Not only does South Korea have the highest suicide rates of in the OECD, suicide ranks as the fourth-most-common cause of death among South Koreans, with especially high numbers among young people, who are tightly ensconced in the country’s hyper-competitive education system that has consistently seen its youth report high levels of depression, stress and anxiety.
In response to what amounts to a major public health crisis, the country’s education ministry recently announced plans for a smartphone app specially designed to screen students’ social media posts, messages and web searches for words, phrases and images related to suicide.
Once anything problematic is detected, the app will send an alert to the parents of students.
Although using the app will not be mandatory, the Education Ministry expressed hope that it will be installed by parents as an additional precaution against school-related stress for their children.

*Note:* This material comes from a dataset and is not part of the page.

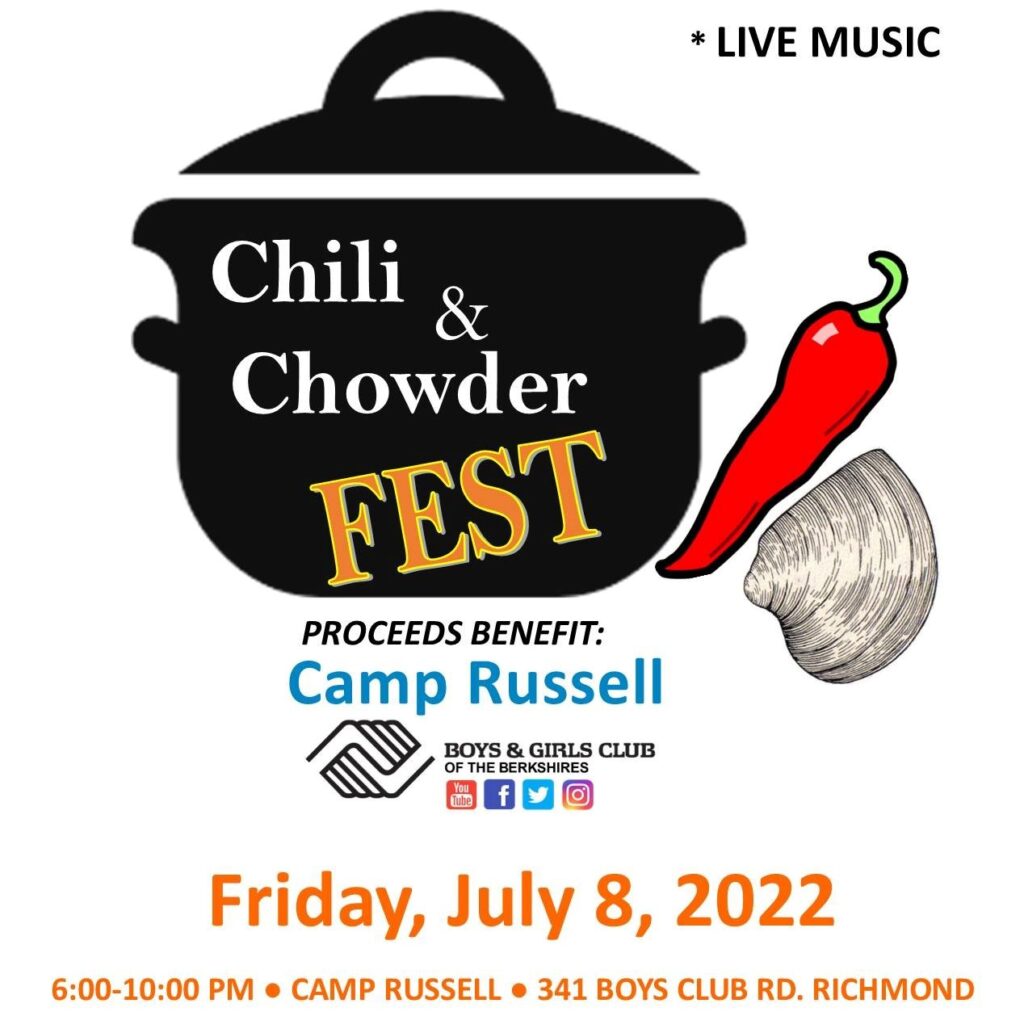 Chili & Chowder Fest Downtown Pittsfield Western Massachusetts The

“Student suicide has become a social problem requiring systematic and comprehensive steps to prevent it,” the ministry said in a statement.

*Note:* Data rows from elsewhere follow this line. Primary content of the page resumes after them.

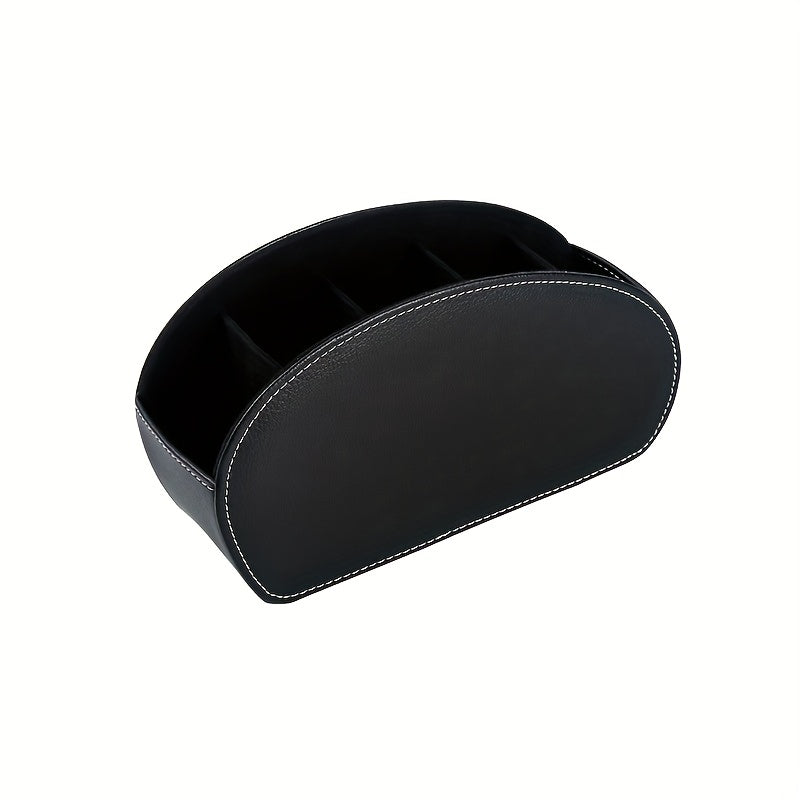 Desktop Organizer Remote Control Storage Box for Office TV Remote Control Caddy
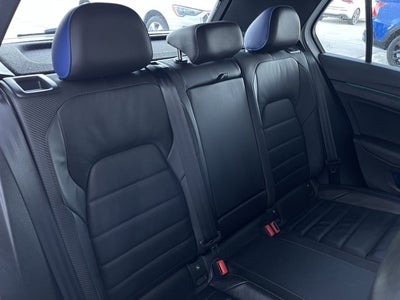 2023 Volkswagen Golf R 20th Anniversary Edition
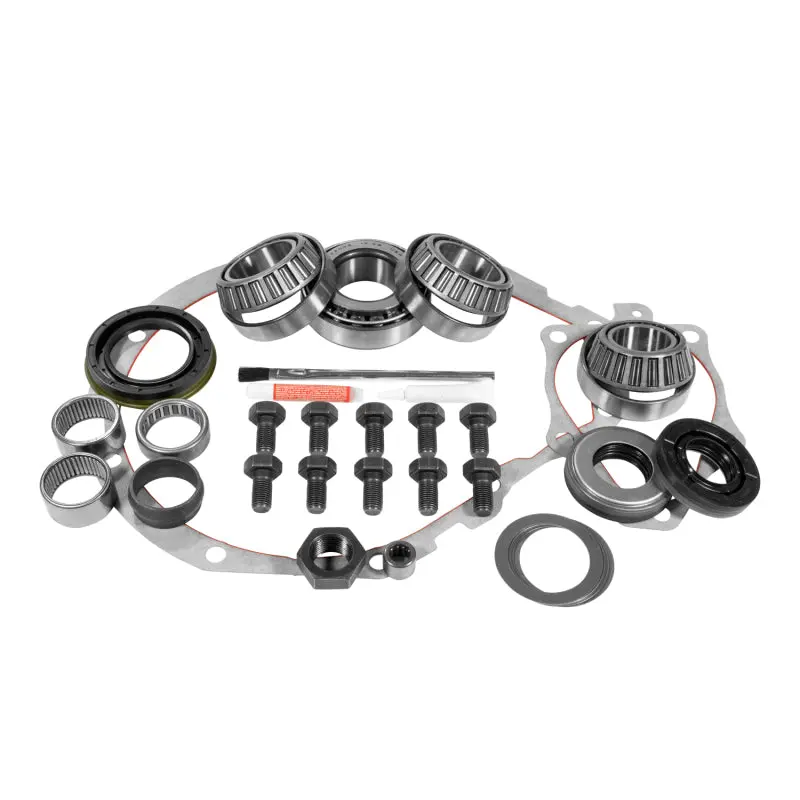Yukon Gear Master Overhaul Kit 99 09 GM 8.25in IFS Diff Yukon Gear u0026 Axle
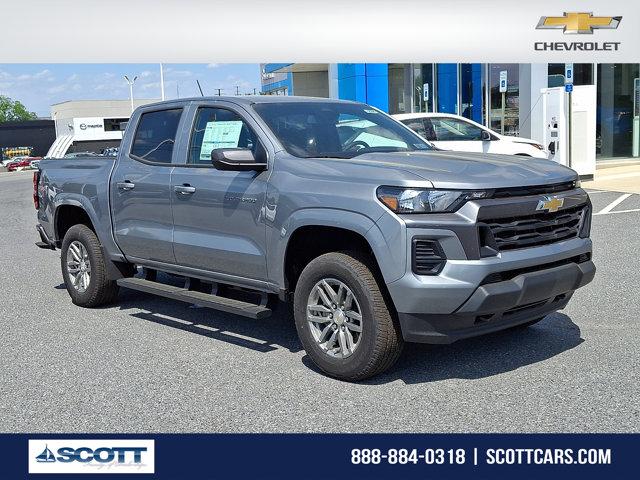 New 2026 Chevrolet Colorado LT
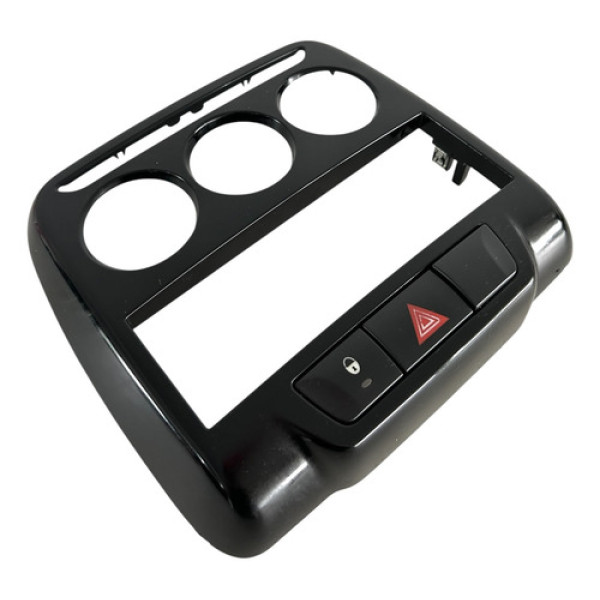 Moldura Comando Ar Botão Alerta  Aircross 10-16 Cx223m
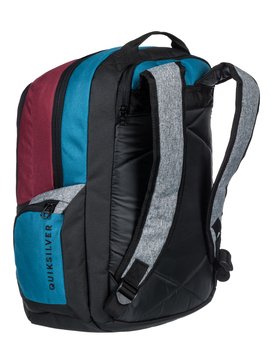 quiksilver, Schoolie 25L - Sac à dos moyen, POMEGRANATE (rzg0) Schoolie 25L - Medium Backpack EQYBP03418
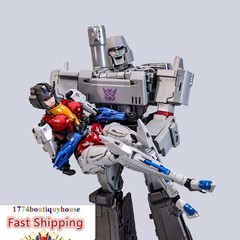 New BOX TRANSFORMER toys Collection Space CS-03 STAR QUEEN Figure In Stock USA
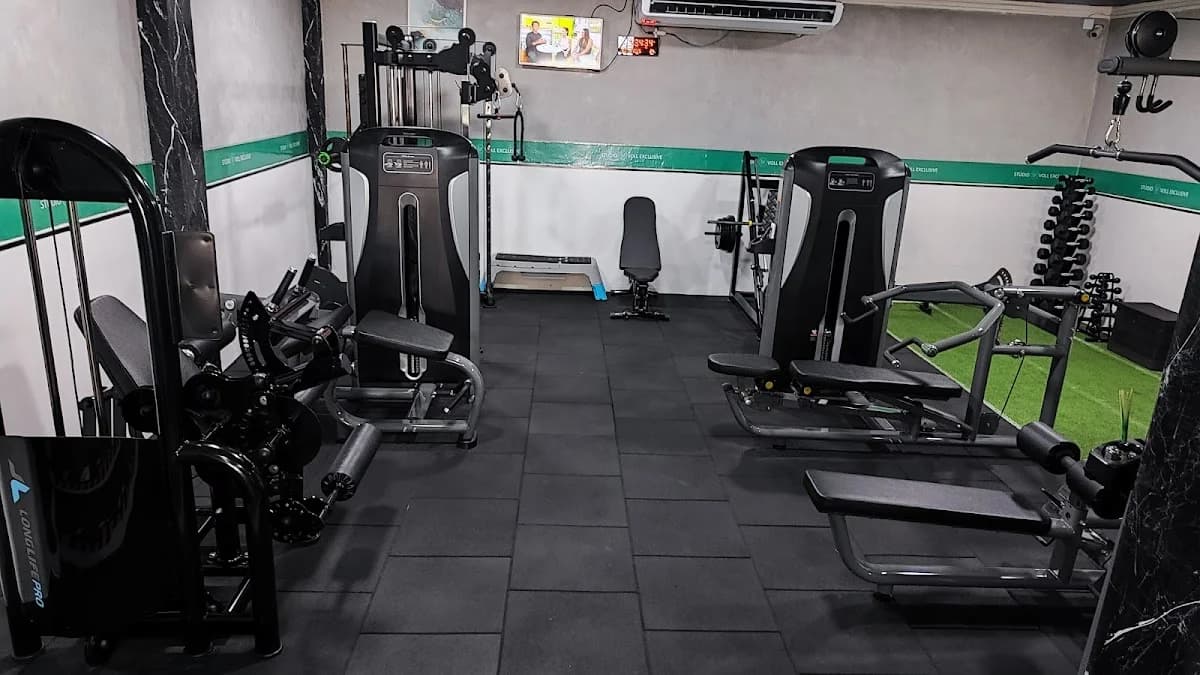 Voll Pilates Studio Exclusive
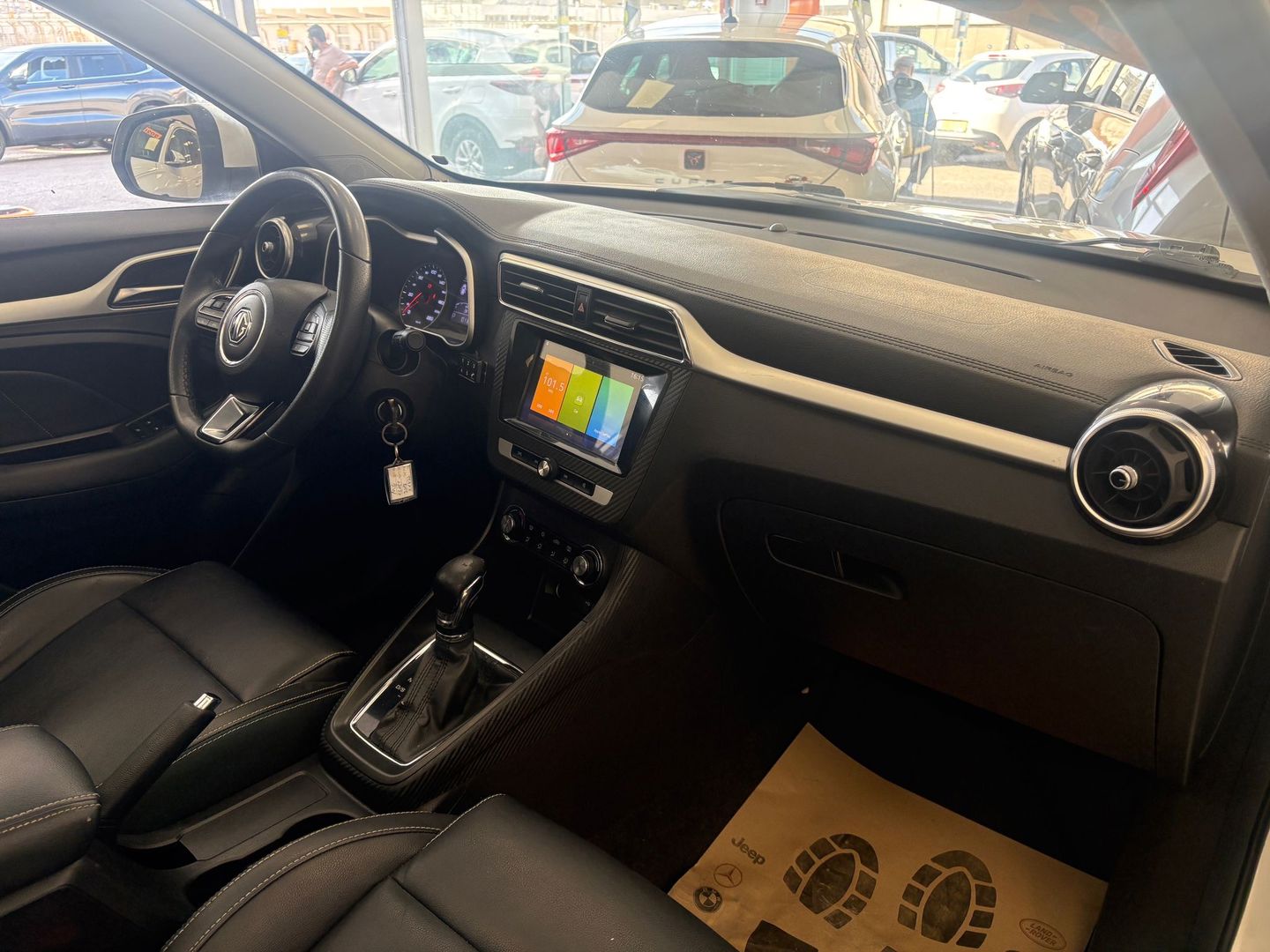 MG ZS NET UP – 2/10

A survey conducted by the Korea Health Promotion Foundation found that just over half of South Korean teenagers aged 14 to 19 confessed to having suicidal thoughts. Of that number, more than 40 per cent of those in the survey attributed these feelings to pressure at school and uncertainty about their future.

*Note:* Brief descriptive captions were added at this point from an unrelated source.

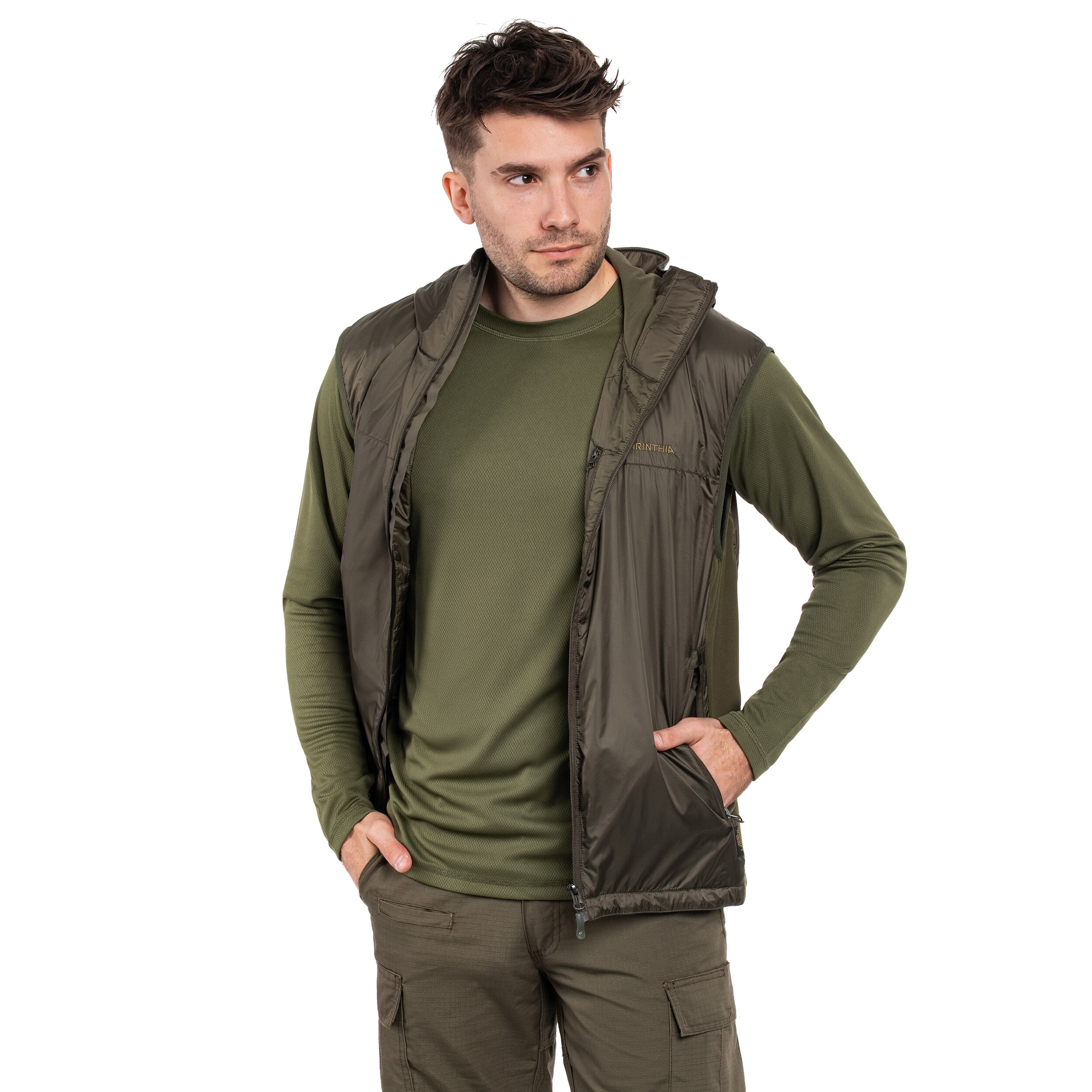 Bezrękawnik Carinthia G-Loft TLG Vest - Olive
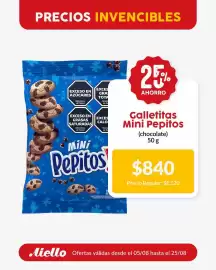 Catálogo Supermercados Aiello Página 5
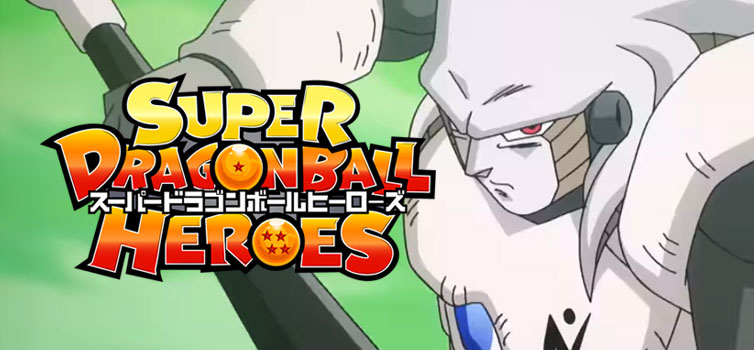 Super Dragon Ball Heroes World Mission: Second trailer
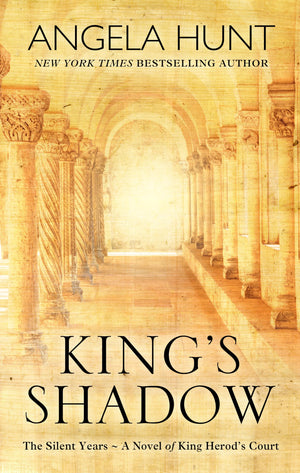 King's Shadow: A Novel of King Herod's Court (The Silent Years),Used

Teacher unions respond with their concerns
While any move to address the problem is welcomed, the announcement of the app development brought the education ministry under sharp criticism for not addressing the root of the country’s suicide problem –namely, intense academic pressure, coupled with an ongoing stigma of mental health treatment.
A statement by the conservative Korean Federation of Teachers’ Associations said: “Instead of a stop-gap policy, we must work out a fundamental and eventual solution, because various factors lead to the suicide of students.”
The left-leaning Korean Teachers and Education Workers Union, in addition to echoing the view that the app is a stop-gap policy, raised privacy issue concerns.
“Any direct monitoring of social networks and messaging services raises possible cause for concern,” the union said in a statement.